Indische Mutation: Mehrere Verdachtsfälle in Salzburg und dem Burgenland

01. Mai 2021 · Lesedauer 2 min

Nach zwei Verdachtsfällen in Salzburg besteht nun auch im Burgenland in drei Fällen der konkrete Verdacht auf die in Indien aufgetretene Coronavirus-Mutation.

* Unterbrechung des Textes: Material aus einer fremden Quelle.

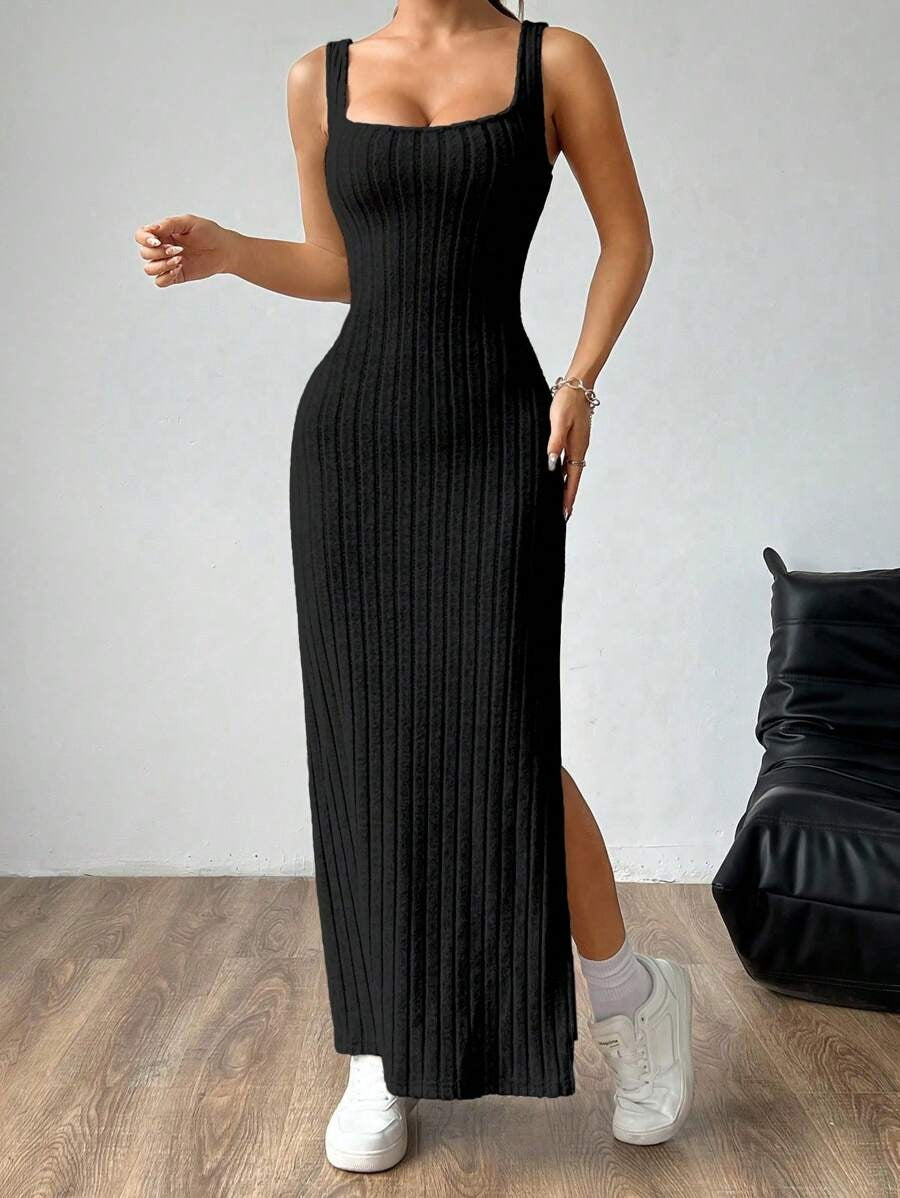 Casual Maxi Jurk met Vierkante Hals en Split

Am Freitag wurde der erste Verdachtsfall auf die indische Corona-Variante in Salzburg bekannt. Nur einen Tag später wurde eine Person aus dem direkten Umfeld der Inderin als zweiter Verdachtsfall offiziell bestätigt. Die beiden sind mit ihrer Familie in Quarantäne. 

Nur wenige Stunden danach meldete am Samstagnachmittag der Koordinationsstab Coronavirus drei weitere Verdachtsfälle in Nickelsdorf im Burgenland. Das habe eine Erstprüfung durch die Agentur für Gesundheit und Ernährungssicherheit (AGES) ergeben. "Die betroffenen Personen stehen in einem familiären Verhältnis und sind behördlich abgesondert."

Teststation eingerichtet

Im Umfeld der Infizierten wurde ein erneutes, intensiviertes Contact Tracing durchgeführt, teilte der Koordinationsstab mit. Die Bevölkerung in Nickelsdorf wurde aufgerufen, auf ihren Gesundheitszustand zu achten und bei Symptomen die Gesundheitsberatung 1450 anzurufen. Als Vorsichtsmaßnahme werden Testungen auf freiwilliger Basis angeboten. Dazu wird eine PCR-Teststation im Gemeindeamt Nickelsdorf eingerichtet, die am Sonntag von 10.00 bis 16.00 Uhr geöffnet ist. Die Anmeldung erfolgt an Ort und Stelle.

"Aufgrund von Auffälligkeiten bei den PCR-Tests der entsprechenden Personen wurde diese Erstprüfung durch die AGES durchgeführt", berichtete der Koordinationsstab Coronavirus weiter. Die Proben würden von der AGES noch weiteren Untersuchungen zur Sequenzierung des Virenstammes unterzogen, um dessen genaue Zusammensetzung zu beleuchten. Ein endgültiges Ergebnis soll in etwa einer Woche vorliegen.